To find out what the citation is for an R package we also use the function citation but this time specify the package

citation(package = "caper")
## 
## To cite package 'caper' in publications use:
## 
##   David Orme, Rob Freckleton, Gavin Thomas, Thomas Petzoldt,
##   Susanne Fritz, Nick Isaac and Will Pearse (2018). caper:
##   Comparative Analyses of Phylogenetics and Evolution in R. R
##   package version 1.0.1. https://CRAN.R-project.org/package=caper
## 
## A BibTeX entry for LaTeX users is
## 
##   @Manual{,
##     title = {caper: Comparative Analyses of Phylogenetics and Evolution in R},
##     author = {David Orme and Rob Freckleton and Gavin Thomas and Thomas Petzoldt and Susanne Fritz and Nick Isaac and Will Pearse},
##     year = {2018},
##     note = {R package version 1.0.1},
##     url = {https://CRAN.R-project.org/package=caper},
##   }
## 
## ATTENTION: This citation information has been auto-generated from
## the package DESCRIPTION file and may need manual editing, see
## 'help("citation")'.

Usually package citations contain the version number, but if not you can get the version using

packageVersion("caper")
## [1] '1.0.1'

An additional benefit to citing R packages is that it helps people understand exactly what you did. It’s possible there are multiple ways to run a PGLS model, but if your report says you used caper, it’s easy for a reader to check how caper does it and to know exactly what you did. This helps people reproduce your analysis, and can also help you prove to anyone assessing your work that you know what you are doing!

Acknowledgements

Thanks to the many generations of students who have taken courses with me and helped me to hone these materials. And to the many others out there teaching PCMs and writing tutorials that helped me learn these methods in the first place, especially Luke Harmon, Brian O’Meara, Dave Orme, Sam Price, Dan Rabosky, Liam Revell and Graham Slater. Also thanks to you for test running this version of these materials.

Particular thanks to the authors of the R packages used and cited in this workbook. None of this would be possible without them. Do not forget to cite the packages you use in your own work.
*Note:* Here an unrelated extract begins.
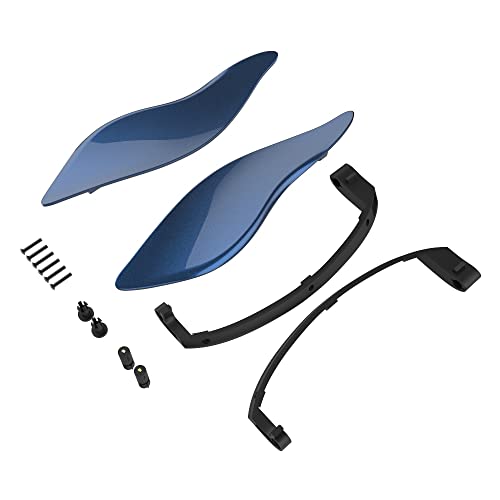 Advanblack Big Blue Pearl Side Wings Air Deflectors, Fairing Side Wing Windshield, Fairing Side Shield, Adjustable Wind Deflectors, Compatible for Harley Touring Street Electra Glide 2014-2023 - color: Big Blue Pearl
And if you meet one of the package authors in person, buy them a beer/cake/coffee to say thank you!

Best of luck to you all, and happy PCM-ing!

References

Feng, Yan-Jie, David C Blackburn, Dan Liang, David M Hillis, David B Wake, David C Cannatella, and Peng Zhang. 2017. “Phylogenomics Reveals Rapid, Simultaneous Diversification of Three Major Clades of Gondwanan Frogs at the Cretaceous–Paleogene Boundary.” Proceedings of the National Academy of Sciences 114 (29): E5864–E5870.

Letsch, Harald, Brigitte Gottsberger, and Jessica L. Ware. 2016a. “Data from: Not Going with the Flow: A Comprehensive Time-Calibrated Phylogeny of Dragonflies (Anisoptera: Odonata: Insecta) Provides Evidence for the Role of Lentic Habitats on Diversification,” Dryad, Dataset https://doi.org/10.5061/dryad.f3d4f.

Letsch, Harald, Brigitte Gottsberger, and Jessica L. 2016b. “Not Going with the Flow: A Comprehensive Time-Calibrated Phylogeny of Dragonflies (Anisoptera: Odonata: Insecta) Provides Evidence for the Role of Lentic Habitats on Diversification.” Molecular Ecology 25 (6): 1340–53. https://doi.org/https://doi.org/10.1111/mec.13562.

R Core Team. 2020. R: A Language and Environment for Statistical Computing. Vienna, Austria: R Foundation for Statistical Computing. http://www.R-project.org/.

Thomas, Kate N, David J Gower, Rayna C Bell, Matthew K Fujita, Ryan K Schott, and Jeffrey W Streicher. 2020. “Eye Size and Investment in Frogs and Toads Correlate with Adult Habitat, Activity Pattern and Breeding Ecology.” Proceedings of the Royal Society B 287 (1935): 20201393.